:: Records supplied ::
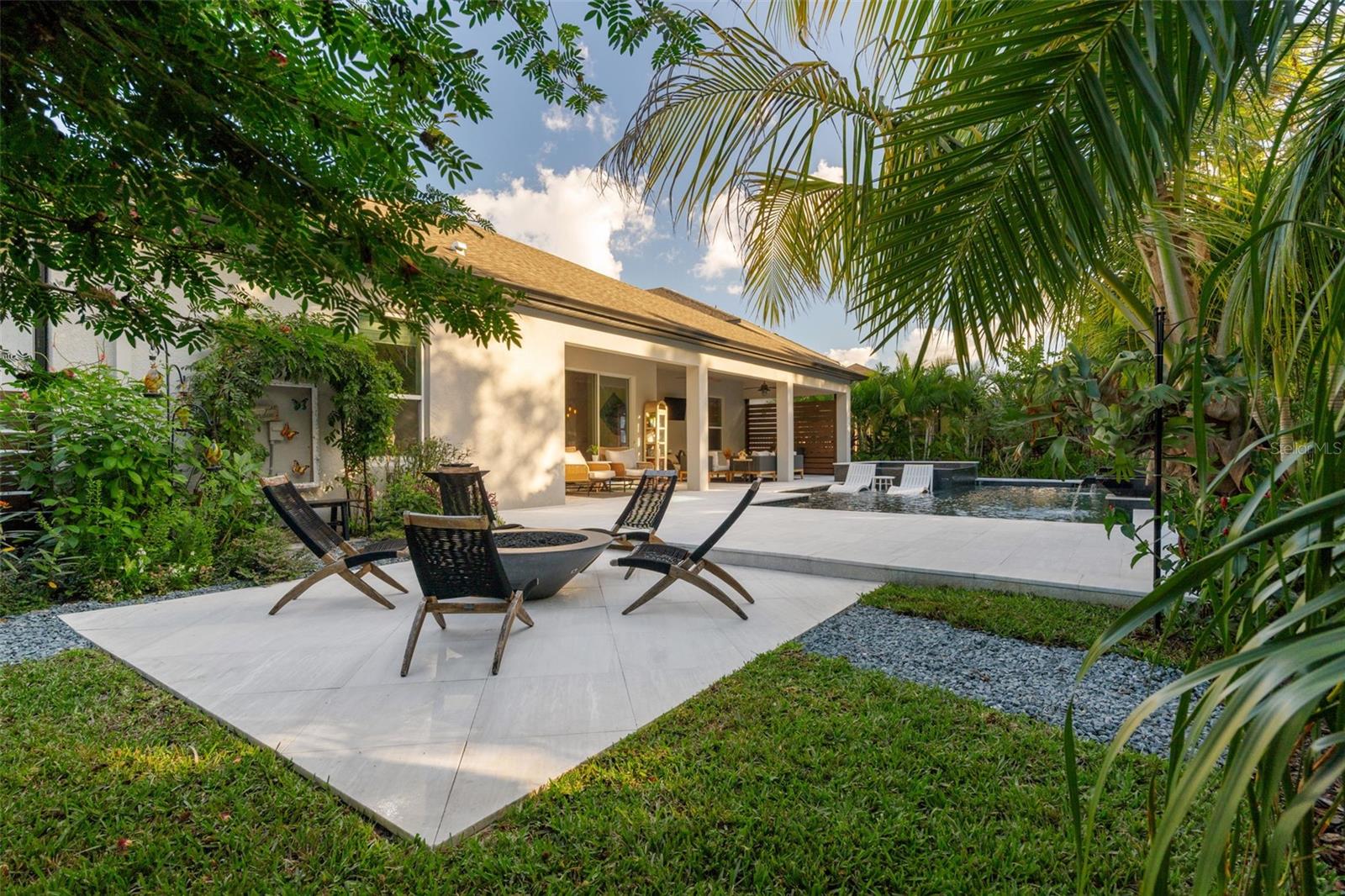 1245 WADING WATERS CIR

...

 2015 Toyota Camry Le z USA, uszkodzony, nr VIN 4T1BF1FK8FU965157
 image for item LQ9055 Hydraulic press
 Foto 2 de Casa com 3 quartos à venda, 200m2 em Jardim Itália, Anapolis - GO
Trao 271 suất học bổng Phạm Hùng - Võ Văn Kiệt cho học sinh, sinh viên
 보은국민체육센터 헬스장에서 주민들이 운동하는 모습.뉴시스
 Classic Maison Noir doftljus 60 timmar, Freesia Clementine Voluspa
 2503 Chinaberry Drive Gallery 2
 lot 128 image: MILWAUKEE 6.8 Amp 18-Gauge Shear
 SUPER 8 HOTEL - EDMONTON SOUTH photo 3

:: Instructions for the task ::
Go through the listing above and write out exactly the lines starting with the one holding "Trao 271 suất" and running through the one holding "SUPER 8 HOTEL - EDMONTON SOUTH photo 3", ends included, and no others.

:: Solution to the problem ::
Trao 271 suất học bổng Phạm Hùng - Võ Văn Kiệt cho học sinh, sinh viên
 보은국민체육센터 헬스장에서 주민들이 운동하는 모습.뉴시스
 Classic Maison Noir doftljus 60 timmar, Freesia Clementine Voluspa
 2503 Chinaberry Drive Gallery 2
 lot 128 image: MILWAUKEE 6.8 Amp 18-Gauge Shear
 SUPER 8 HOTEL - EDMONTON SOUTH photo 3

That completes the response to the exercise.